Courtesy of this Michigan Capitol Confidential article of July 21 by Jack Spencer, the bill is due to be taken up by the House Energy and Technology Committee in the fall, probably in the first 5 weeks...and the prospects appear to be good for the bill:
“We're meeting this week in Lansing to plan out a schedule for after we return in the fall,” said Rep. Kenneth Horn, R-Frankenmuth, Chair of the House Energy and Technology Committee. “I expect to be taking it (the light bulb bill) up within the first five weeks.”
“We might have some hearings where we take testimony on it before then,” Horn added. “We'll be checking with the governor's office as we make our plans. Overall, I really don't see it taking up much time.”

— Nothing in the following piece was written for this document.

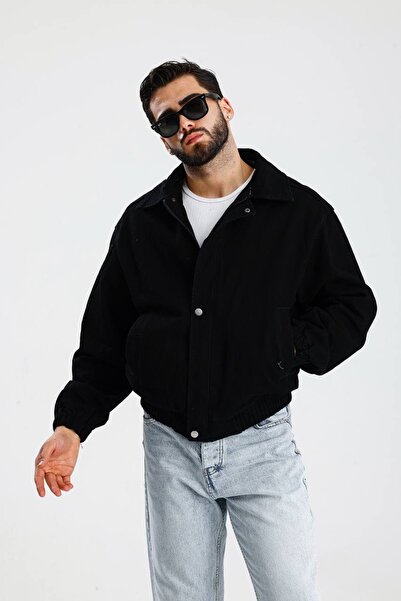 İLKCET MODA Premium Black Zippered Denim Oversize Bomber Jacket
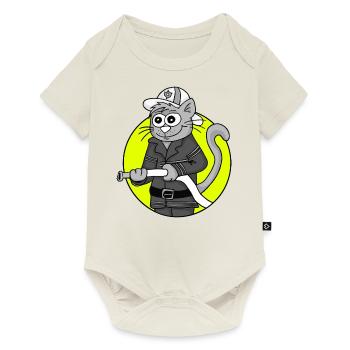 Retro Fire Brigade Cat - Baby Premium short-sleeve bodysuit - off white - Front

The key to Horn's statement was probably the idea of checking with the governor's office. The strategy for moving the legislation could depend on whether or not Snyder supports the bill as it is currently drafted. If Snyder wants changes, a negotiation process could slow things down....
McMillin's bill is probably a “slam dunk” to pass in the Michigan House, and it's difficult to imagine it not passing in the Michigan Senate as well. It appears that Senate Energy and Technology Committee Chair Mike Nofs, R-Battle Creek, supports the bill in concept, which should help. What's more, the public outcry over the federal law would probably make it very difficult for lawmakers to oppose or postpone taking action.
Original post June 27th
As informed by Rep. Tom McMillin and the Right Michigan organization,
he has launched a bulb ban repeal bill in the Michigan House of Representatives with 27 early co-sponsors, although as yet unreported either by news media or Michigan Legislature press releases.

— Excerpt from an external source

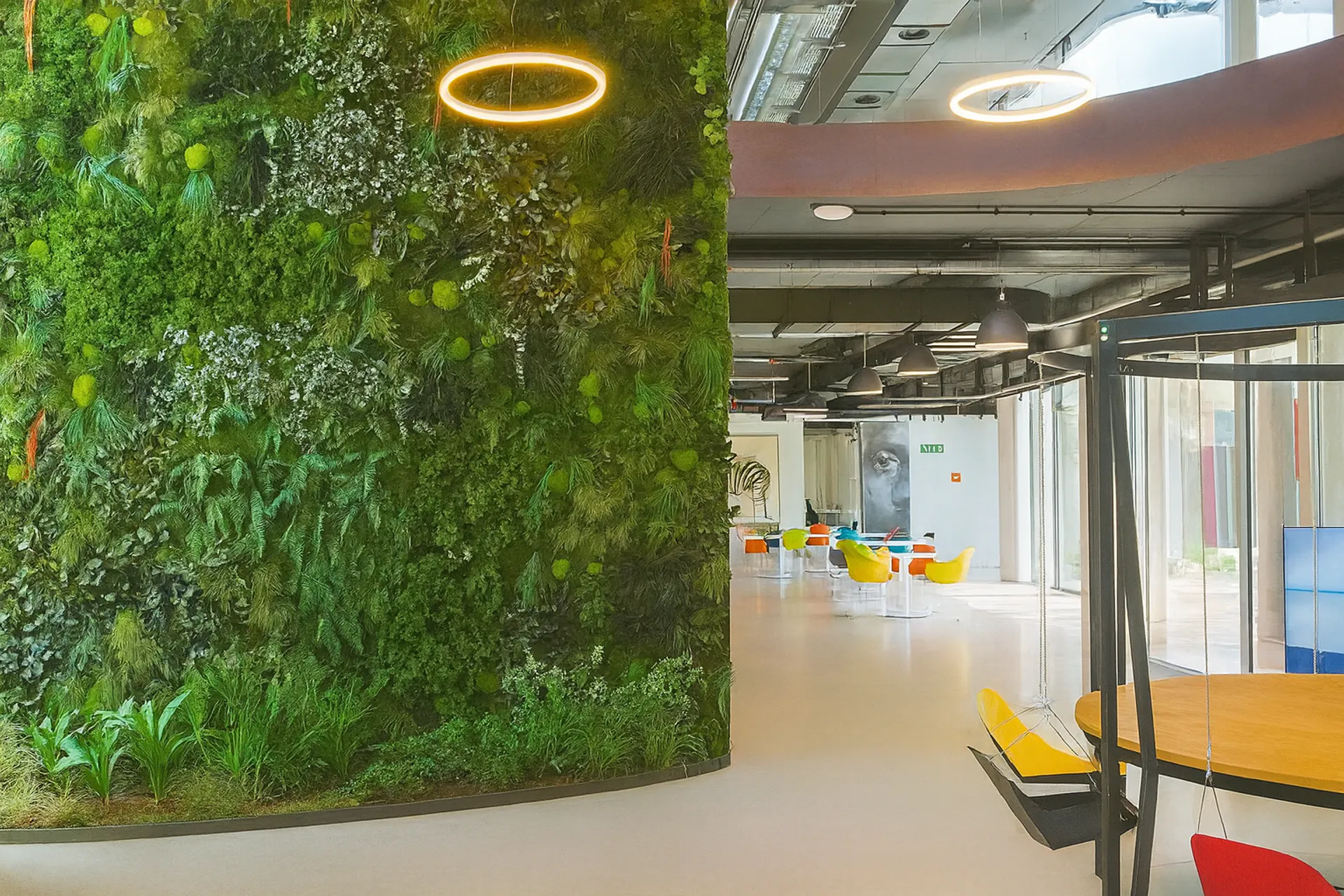 Moss wall in an office reception area: a modern working environment — Wall greenery by MOOSMOOS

The legislature finds all of the following:
(a) An incandescent lightbulb that is manufactured in this
state without the inclusion of parts, other than generic or
insignificant parts, imported from outside of this state and that
remains within this state has not entered into interstate commerce
and is not subject to congressional authority to regulate
(b) Basic materials, such as unmachined and unshaped steel and
glass, are not incandescent lightbulbs and are not subject to
congressional authority to regulate incandescent lightbulbs in
interstate commerce in as if the basic materials were actually
(c) Congressional authority to regulate interstate commerce in
basic materials does not include authority to regulate incandescent
lightbulbs manufactured in this state from those basic materials.
There are as seen issues of Federal v State regulation:
It played a part in the earlier veto by Arizona Governor Jan Brewer of their bill,
but subsequent bills in different states have taken that aboard,
and been phrased accordingly, at least in some cases after communication with the Attorney General's office.
News of the passing of the Texas bill into law was posted earlier.